北朝鮮の暴挙と過激な発言には困ったものです。直接海運市況には影響しませんが、ミサイルが飛び交うようになれば話は別です。トランプさんの発言や識者の解説はさておき成り行きを見守るばかりです。プーチンさんは「たとえ国民が雑草を食べることになっても北は核開発を止めないだろう」と云いますが、金さんの究極の目的は何なんでしょうか?

先般「バリシップ」が開催され、船主のパネルディスカツションがあり、其の議事録(三井住友海上作成)を拝読し感銘をうけました。

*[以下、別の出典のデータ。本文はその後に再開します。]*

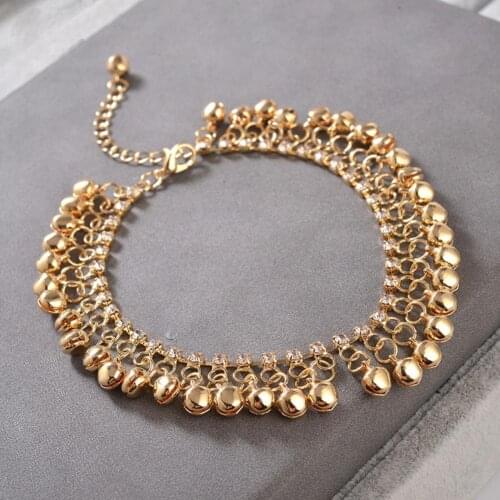 Vintage Women Rhinestone Bell Tassel Anklet Foot Chain Bracelet Jewelry Gift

確か1965年頃と記憶しますが、雪駄に腹巻きしたような親爺さんが四国から大阪に出張して、四国船主が保有する内航船の売りものを紹介しておりました。韓国をはじめアジア諸国に売船するため商社に要請していたのです。その後、四国船主は近海船から大型船保有へと発展した永い歴史があります。
さらに1985年頃と記憶しますが、東京の個人ブローカーが伯方島の船主を訪問、フェリーで木の浦港に到着した時、桟橋で船主が丁重に出迎えておりました。このブローカーは、その船主保有の近海船を東京のオペレーターに用船仲介していたのです。この船主は現在、バルクキャリアーの保有船腹では世界の十指(五指?)に入る船主に育っています。その後、四国船主は船種も増え、大型化しました。四国船主が地元の金融機関、造船所との三位一体の環境に恵まれていたこともあります。中国地区、九州地区も追従しましたが紆余曲折のなかで、四国地区は海事産業の地歩を確立した感があり、「バリシップ」を成功させているのでしょう。

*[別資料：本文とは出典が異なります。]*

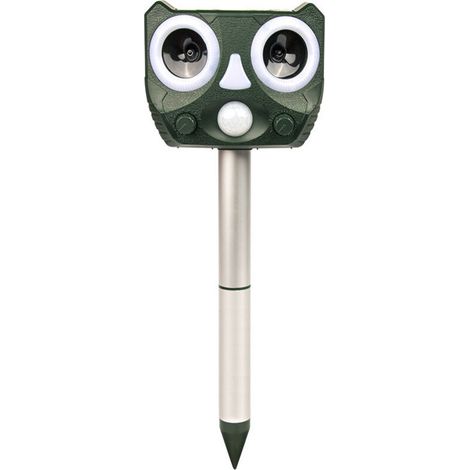 Répulsif pour animaux à énergie solaire, alarme, répulsif pour oiseaux, répulsif pour chats, répulsif à rongeurs à ultrasons pour l'extérieur, capteur infrarouge multifonctionnel 4 en 1, haut-parleur (1/4)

各地区のオピニオンリーダーであるパネラーの発言など拝聴するに、先代の社長からのDNAを見事に継承し、発展させています。ギリシャのPiraeusには軒並み船主の集まった場所がありますが、愛媛県今治地区はそれを彷彿とさせるものがあります。海事展としては、ギリシャのPSEDONIA、ノルウェーのNORSHIP、そして日本のSEA JAPANがありますが、これら世界的な海事展の中で、「バリシップ」が日本国内の海事クラスターが集まった海事展としてさらに充実、発展することを祈念します。

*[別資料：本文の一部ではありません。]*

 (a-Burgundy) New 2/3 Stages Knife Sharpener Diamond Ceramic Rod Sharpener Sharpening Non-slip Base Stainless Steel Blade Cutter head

市況は夏枯れ無しで推移したようです。未だ潤沢ではありませんが、更に改善するでしょう。最近、新造船発注が多くなった感がありますが、過去2〜3年比較的に発注が少なかっただけに一寸目立ちます。造船所(専業)は結構先物まで船台が埋まることでしょう。投機目的の新造船発注は控えて欲しいものです。中古船売買も活発ですが、これは需給バランス的には問題ありません。

トヨタ自動車が環境負担の低いLNGを燃料にした次世代カーキャリアーを20隻程新造すると発表しました。荷主が先導したのでしょうか?オペレーター、エンジンメーカーは充分対応出来ているのでしょうか? どうも環境問題が海運、造船にもますます攻勢をかけてきます。独立船主にも及んできます。LNG焚き船は既存船より10数億高くなるそうです。船舶自動化も早急に具体化させ、船主のオペコストを下げたいものです。自動化の具現化のためにはIMO/CLASSを含めた海事クラスターが結集して取り組まなければなりません。
内航に関するニュースで、ふと目を引いたのはイオンとサッポロホールディングが双方の子会社を通じ貨物船を共同運航するとの発表です。イオンは福岡県内の生産工場より大分港、そこから清水港へ商品を運ぶ、サッポロは清水港から大分港に運び、佐賀県内の物流センターに商品を納入する。年間輸送コストをイオンで15%、サッポロは6%の節減が期待できるそうです。内航市場は旧態依然の感がありますが、陸上輸送華やかな昨今、これに対抗する為にも、内航総連合主導でかかる商機の発掘を増やすべくチームを立ち上げ、検討されては如何でしょうか?